Who are these folks? Principal Financial Group defines super savers as those who do one of the following:
- Save at least 90% of the maximum allowed in retirement plans each year
- Defer at least 15% of their salary into retirement accounts
Super savers are the famed “millionaires next door” who quietly and consistently build their nest eggs year after year. One day, they wake up rich.
While there is no single characteristic that defines every super saver, they tend to share some key traits — especially in terms of making sacrifices today so they can enjoy a brighter and wealthier tomorrow, according to Principal.
Following are some sacrifices super savers commonly make on the road to getting rich, according to a 2021 Principal survey of more than 1,000 super savers.
Owning a modest home
Percentage of super savers who do this: 35%
Legendary investor Warren Buffett famously lives in the same Nebraska home he bought in 1958 for $31,500 — the equivalent of roughly $300,000 today.
It appears that today’s super savers have learned an important lesson from the Oracle of Omaha: You don’t have to look like a millionaire to actually be one.
Principal says 35% of super savers are only too happy to settle for modest digs.

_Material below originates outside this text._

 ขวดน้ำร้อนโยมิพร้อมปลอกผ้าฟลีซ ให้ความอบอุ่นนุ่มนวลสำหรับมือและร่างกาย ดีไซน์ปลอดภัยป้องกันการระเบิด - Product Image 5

As Money Talks News founder Stacy Johnson — a millionaire who lives in a house that is worth about one-third of what he could afford — says:
“Diverting your investable cash into things like cars, clothing, vacations and houses you can’t afford will make you look rich now, but prevent you from actually becoming rich later.”
For more, check out “The 10 Golden Rules of Becoming a Millionaire.”
Doing household projects and chores themselves
Percentage of super savers who do this: 36%
Dreams of living like a millionaire often feature a cast of characters that includes a maid, a butler, a cook and maybe a cat named Fifi. But today’s super savers understand that becoming rich typically requires a willingness to get your hands a little dirty.
Doing your own household projects and chores can save you a lot of cash, which is likely why 36% of super savers take such matters into their own hands. The money they save can be earmarked for better purposes, such as growing a retirement nest egg.
For more on saving around the house, read “20 Household Items You Can Make Yourself for a Lot Less.”
Not traveling as much as they want
Percentage of super savers who do this: 38%
Critics of the super-saver lifestyle charge that too much penny-pinching robs life of its joy. And there is a grain of truth in this criticism.
In fact, 38% of super savers admit they don’t travel as much as they would prefer. But they likely wouldn’t have it any other way.
After all, once they accumulate $1 million or $2 million, those with a long unscratched itch to travel have more than enough money to make up for lost time.
Driving older vehicles
Percentage of super savers who do this: 44%
Few things can decimate the potential for wealth faster than pouring gobs of money into a shiny object that starts depreciating the moment you leave the dealership parking lot.
At Money Talks News, we offer a lot of tips about how to grow rich. And one of our iron-clad rules is to never buy a brand-new car. A gently or even thoroughly used vehicle is almost always a better bet.